The term inculturation was intended “conceptually both to safeguard the integrity of the Gospel and to encourage sensitivity to various cultural contexts.” At issue was the credibility of the Church in the wake of “the growing sense of disgrace of the colonial powers in their treatment of native peoples of various lands.” Among Protestants of post-World War II Europe, there was the general feeling that the faith of many European Christians “had proved to be more nominal than real and that European Christianity overall had failed in its obligations to transform culture as well as to oppose elements of culture that had become manifestly evil.” This sentiment provided the backdrop of H. Richard Niebuhr’s helpful but nonetheless controversial work, Christ and Culture (1951) and Paul Tillich’s now famed method of correlation, “by which human experience, understood with sensitivity to cultural diversity, poses questions to which Christianity must provide the orientation for an authentic response if it is to be existentially relevant.” Beyond safeguarding the integrity of the faith in the gospel encounter with local cultures, the Catholic Church was also concerned with how to re-evangelize those European cultures that were traditionally Christian but have since deviated from their Christian roots and become highly secularized and thus extended the term inculturation to John Paul II’s program of “new evangelization.”

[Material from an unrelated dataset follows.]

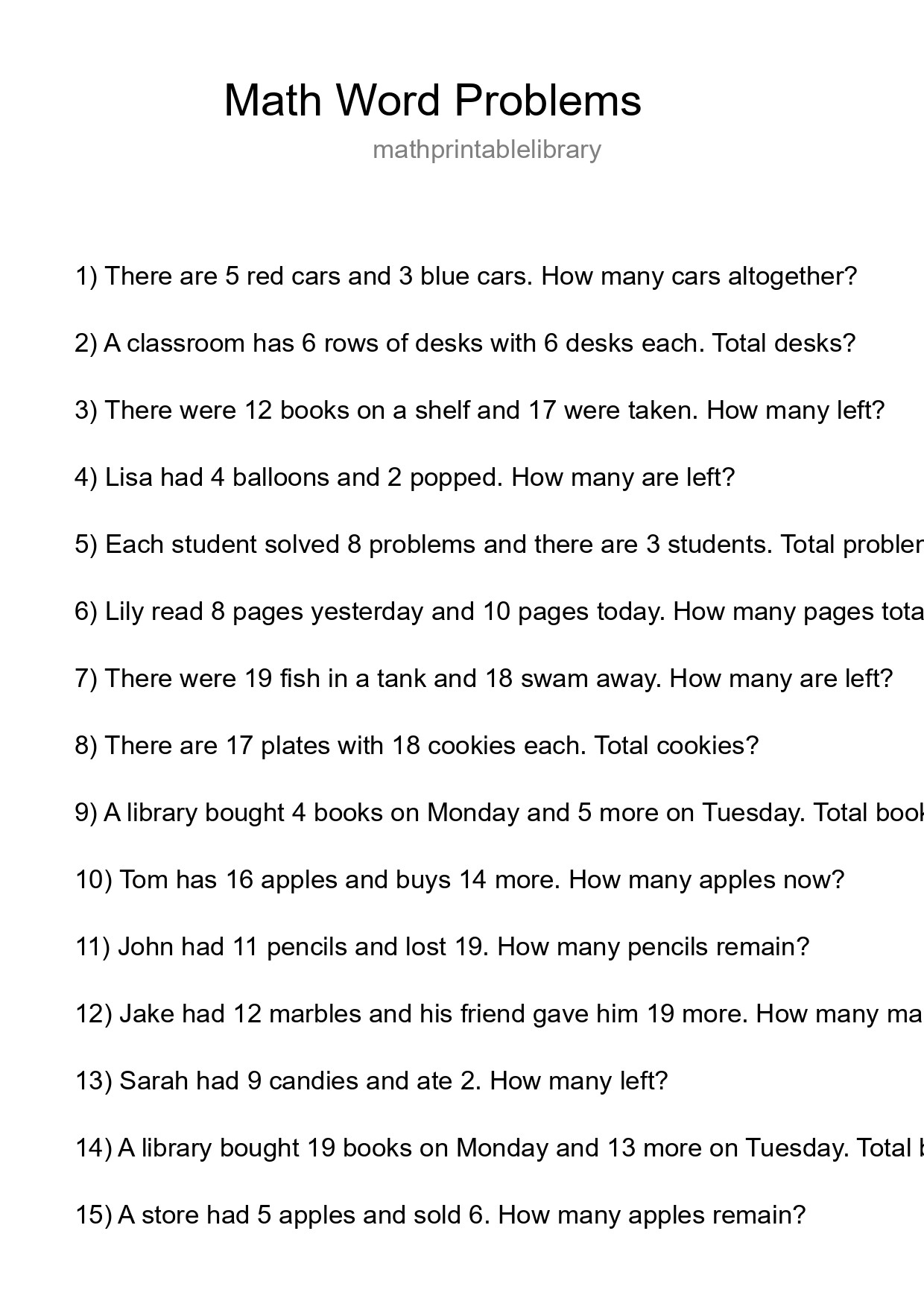 Math Word Problem Worksheet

The program of “new evangelization” and inculturation resonated well with African bishops and theologians “who saw in it an ally against the consequences of cultural alienation and a guarantee of a genuinely African Christianity.” Inculturation, in particular, became for Africans still reeling under the onslaught of colonialism an enterprise for which the Church must invest. The program to inculturate Christianity in Africa received, from an African Catholic Christian perspective, its first official authoritative backing at the 1969 meeting of the Symposium of Episcopal Conferences of Africa and Madagascar (SECAM), Kampala, Uganda. In attendance at the meeting was none other than Pope Paul VI himself who at the time was making a pastoral visit to Africa. The Pontiff declared in no uncertain terms to the African bishops and distinguished guests at the meeting: “You may, and you must have an African Christianity.” The Pope’s declaration came in the wake of his 1967 Apostolic letter Africae Terrarum (The Land of Africa) in which he accentuated and paid tribute to the positive values in African Traditional Religions (ATRs) and invited Africans to devise new ways of becoming missionaries to themselves. Even before the Pope’s declaration that there must be an African Christianity some African theologians were already tapping into the new wave of optimism sweeping across the continent following political independence of many African countries and the religious optimism ushered in by the Second Vatican Council (1962–65). Among their many demands was that there be a recognition of African values and cultures in Christian liturgical services. Their argument was not only that the missionary experiment did not take African cultures into account, but also that terms like “accommodation,” “adaptation,” “contextualization,” and “Africanization” need be embraced as a way of rediscovering what was lost during the missionary and colonial era. Pope Paul VI may have been aware of these demands prior to his Africae Terrarum (Land of Africa) and powerful speech to African bishops and theologians in Kampala. What Paul VI’s declaration did, if anything, was give credence to a cry that was already gathering momentum—that there was a need to reconsider previous assumptions about African cultures and worldviews in light of the Gospel in other to arrive at an authentic African Christianity.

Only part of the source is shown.